We are saddened by the death of Maya Angelou, a writer whose life and work has been an inspiration to people the world over, and a woman from whose great capacity for friendship we’ve learned so much this year.
Regular readers of Something Rhymed will know that we profiled Angelou’s relationship with Toni Morrison back in February. Influenced by their championing of each other’s achievements, we set ourselves the task, on a much smaller scale, to follow their example.
We made lists of the things we admired about each other and developed them into pieces of creative work. Although we’d always considered our friendship to be a very open one, we were surprised by how many of the points we noted down we had never spoken of before.

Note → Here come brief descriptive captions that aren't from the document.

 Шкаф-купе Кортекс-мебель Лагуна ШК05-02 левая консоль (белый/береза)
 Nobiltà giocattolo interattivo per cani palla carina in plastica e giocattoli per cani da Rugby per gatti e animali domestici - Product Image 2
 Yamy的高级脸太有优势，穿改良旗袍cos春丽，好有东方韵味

It made us wonder how long we might have gone on silently appreciating, but never expressing, that we valued these qualities if we hadn’t paid attention to Angelou and Morrison.

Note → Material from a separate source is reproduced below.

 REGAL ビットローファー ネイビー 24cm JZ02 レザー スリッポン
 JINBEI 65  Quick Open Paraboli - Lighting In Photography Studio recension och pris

When we discovered that Morrison would be appearing at Wales’s Hay Festival this year, we quickly bought tickets to hear her talk. We knew that she and Angelou had bonded years ago at Hay, when both women found themselves far away from home at a time when their mothers were ill. And so it felt particularly poignant that it was during yesterday’s festival session that many audience members (ourselves included) first heard that Angelou had died.
Morrison eloquently gave voice to the gasps that rippled through the vast tent when she spoke of her personal loss. ‘I thought she was eternal,’ she said. ‘I thought she always, always would be there.’

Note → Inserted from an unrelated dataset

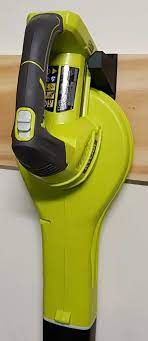 Ryobi One Leaf Blower Hanger Obl1820s By Peter 3d Thingiverse Ryobi Hanger Leaf Blower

As writer friends ourselves, it is difficult to listen to language like this without wondering how one of us would cope in a similar situation, how we would feel if the person we’d come to rely on to such an extent was suddenly gone from our life.
Morrison, who called Angelou ‘a real original’, was understandably reluctant to say too much about her death. ‘It hurts so much that I have no treasurable, powerful, elegant words to say about that,’ she told the crowd. ‘I need time to talk about Maya. She was important in so many ways.’
But what struck us as we listened was the extent to which each of these women had already made significant efforts to commemorate the life of her friend.
Morrison’s speech in praise of Angelou at the USA’s most recent National Book Awards was a case in point, as was the party Angelou threw for her friend in 1993 – a response to what she saw as a lack of official national acknowledgement when Morrison won the Nobel Prize for Literature.
We are thankful for what we have learned from this literary pair: that it is important to celebrate the lives of our close ones, not just in fine tributes once they are gone, but also when they are still here.